### About this task
Please give the number of lines in the listing that include the word "Montreux", with no other words.

### Extracted data
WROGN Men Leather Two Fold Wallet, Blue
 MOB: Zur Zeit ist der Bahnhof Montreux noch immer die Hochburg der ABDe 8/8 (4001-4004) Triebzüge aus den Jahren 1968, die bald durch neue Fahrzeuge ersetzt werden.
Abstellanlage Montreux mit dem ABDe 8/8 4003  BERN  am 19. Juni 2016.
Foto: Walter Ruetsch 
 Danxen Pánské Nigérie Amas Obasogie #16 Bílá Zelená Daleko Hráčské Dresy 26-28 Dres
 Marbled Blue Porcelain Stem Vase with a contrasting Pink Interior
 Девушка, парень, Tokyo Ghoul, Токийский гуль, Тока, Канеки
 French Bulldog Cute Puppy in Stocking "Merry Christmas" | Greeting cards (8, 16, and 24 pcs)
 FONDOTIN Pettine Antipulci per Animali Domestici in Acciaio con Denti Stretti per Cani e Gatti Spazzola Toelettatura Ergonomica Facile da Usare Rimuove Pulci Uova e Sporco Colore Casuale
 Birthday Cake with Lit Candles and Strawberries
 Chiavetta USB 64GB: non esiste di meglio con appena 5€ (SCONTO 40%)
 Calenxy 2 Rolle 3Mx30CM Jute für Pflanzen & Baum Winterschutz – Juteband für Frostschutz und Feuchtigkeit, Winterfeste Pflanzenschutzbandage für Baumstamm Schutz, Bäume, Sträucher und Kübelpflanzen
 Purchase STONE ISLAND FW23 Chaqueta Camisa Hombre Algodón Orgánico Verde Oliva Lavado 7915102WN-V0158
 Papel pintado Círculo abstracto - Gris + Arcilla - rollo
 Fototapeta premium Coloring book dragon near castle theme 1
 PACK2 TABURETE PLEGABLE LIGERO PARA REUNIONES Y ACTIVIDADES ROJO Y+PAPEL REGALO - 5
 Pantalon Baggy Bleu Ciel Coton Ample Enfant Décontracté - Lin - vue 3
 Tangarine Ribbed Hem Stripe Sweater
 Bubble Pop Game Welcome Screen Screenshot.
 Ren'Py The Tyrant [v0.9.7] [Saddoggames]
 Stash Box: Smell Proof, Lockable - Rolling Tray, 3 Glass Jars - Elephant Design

### Solution for this exercise
2